MORNING RUSH: The Dow Jones industrial average fell 28 points, or 0.2 percent, to 17,898 as of 10:10 a.m. Eastern time. The Standard & Poor’s 500 index lost 4 points, or 0.2 percent, to 2,079. The Nasdaq composite sank 13 points, or 0.3 percent, to 4,933.
OIL: U.S. crude fell $1.36, or 3.3 percent, to $40.14 a barrel in New York. Brent crude, the international benchmark, lost $1.42, or 3.2 percent, to $42.42 a barrel in London. The prices of wholesale gasoline, heating oil and natural gas also slumped.
This weekend, ministers from major oil-producing companies will meet in Qatar to discuss their production policies. The price of oil has risen in recent weeks as investors hope for a deal that will limit oil production in an effort to relieve a global glut and increase oil prices. But a deal is far from a sure thing, and hopes for a meaningful production cut faded Friday and oil prices declined with them.
Chevron lost 83 cents to $97.15 and Devon Energy declined 73 cents, or 2.3 percent, to $30.62. Noble Energy lost 94 cents, or 2.8 percent, to $32.13.
MAKING BANK: Banks continued to report their first-quarter results, and in general they haven’t been as bad as analysts feared.

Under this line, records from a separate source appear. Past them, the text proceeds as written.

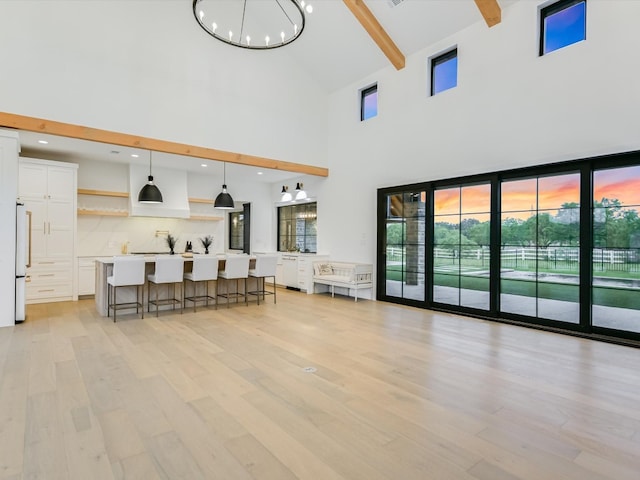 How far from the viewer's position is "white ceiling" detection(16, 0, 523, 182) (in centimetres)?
559

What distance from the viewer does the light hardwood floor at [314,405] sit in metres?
1.90

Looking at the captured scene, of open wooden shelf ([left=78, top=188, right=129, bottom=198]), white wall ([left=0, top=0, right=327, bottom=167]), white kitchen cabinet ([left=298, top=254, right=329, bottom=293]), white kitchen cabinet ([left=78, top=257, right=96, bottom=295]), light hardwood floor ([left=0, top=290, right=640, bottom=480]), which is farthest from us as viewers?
white kitchen cabinet ([left=298, top=254, right=329, bottom=293])

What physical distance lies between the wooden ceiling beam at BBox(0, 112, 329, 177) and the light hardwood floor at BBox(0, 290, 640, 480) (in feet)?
9.38

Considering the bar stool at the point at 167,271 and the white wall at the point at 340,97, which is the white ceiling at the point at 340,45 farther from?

Citigroup’s profit shrank 27 percent on weak results from its consumer bank and trading businesses, but the bank’s net income and revenue were greater than expected. The stock rose 78 cents, or 1.7 percent, to $47.15.
Bank holding company Regions Financial also reported a bigger profit and greater revenue than expected. Its stock added 24 cents, or 2.8 percent, to $8.72.
CHINA: China reported that its economy grew 6.7 percent in the first quarter of 2016. While that is the slowest pace in years, it matched analyst projections.
FACTORIES: U.S. factory production fell for the second month in a row, according to the Federal Reserve. That suggests American manufacturers are struggling with weak growth overseas, the strong dollar, and weak spending by U.S. consumers and businesses.
OVERSEAS: The FTSE 100 index of leading British shares fell 0.4 percent and Germany’s DAX was down 0.3 percent. The CAC-40 in France was 0.2 percent lower at 4,488. The benchmark Nikkei 225 index in Japan shed 0.4 percent, while South Korean Kospi dipped 0.1 percent. Hong Kong’s Hang Seng slipped 0.1 percent.
BONDS, CURRENCIES: Bond prices rose and the yield on the 10-year U.S. Treasury note declined to 1.77 percent from 1.79 percent. The euro rose to $1.1295 from $1.1267 and the dollar fell to 108.92 yen from 109.28 yen.